To download the current Vadlyd MD12 Mk4 manual, click here.
Item | Price | |
Vadlyd MD12 Mk4 78RPM and RIAA Phono Preamplifier |
SORRY - SOLD OUT AT THIS TIME |
Use the pushbutton on the extreme left to select either Phono Input 1 or Phono Input 2. An LED lights when selecting Phono Input 2.
The next two pushbuttons select either MM (moving magnet) or MC (moving coil) cartridges for each input. An LED lights when MC is engaged, in which case load impedances of 50, 100, or 200 Ohms can be selected using the appropriate toggle switch above each pushbutton.
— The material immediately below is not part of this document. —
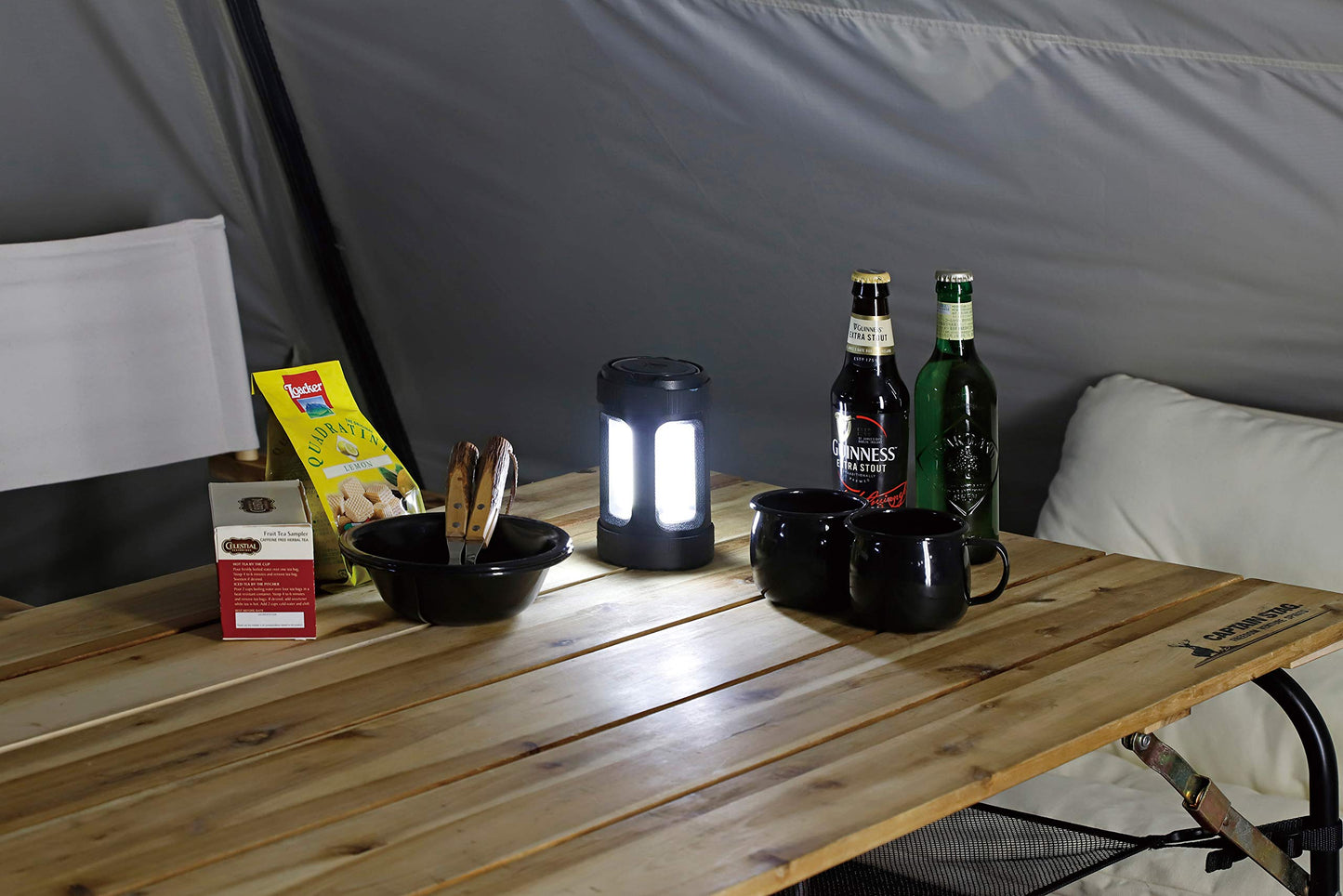 CAPTAIN STAG UK-4063 Mini Raijin COB Lantern Black Thunder God Bright LED Camping Light 3 AA Battery Powered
Equalization curves are selected with the rotary switch, and the currently active curve is indicated by the appropriate LED. Always change equalization curves slowly to minimize pops (the unit was designed to minimize or even eliminate annoying pops by switching slowly).
Both the 80 Hz Low Cut Filter and the High Cut Filter (which is continuously variable from 1.6 kHz to 12 kHz) are engaged by pressing individual pushbutton switches, which causes the appropriate LED to light. Both filters are first order designs.
Three pushbuttons allow you to select Vertical Cut, Left or Right channel only, and Mono/Stereo modes.
The preamp has two identical inputs, so two turntables may be connected directly to the unit. For example, one input might be connected to a turntable for 78s, and another might be connected to a turntable for LPs.
A high quality grounding screw is between the two inputs. With most turntables, connecting to a ground screw on the preamp will result in the best signal to noise ratio.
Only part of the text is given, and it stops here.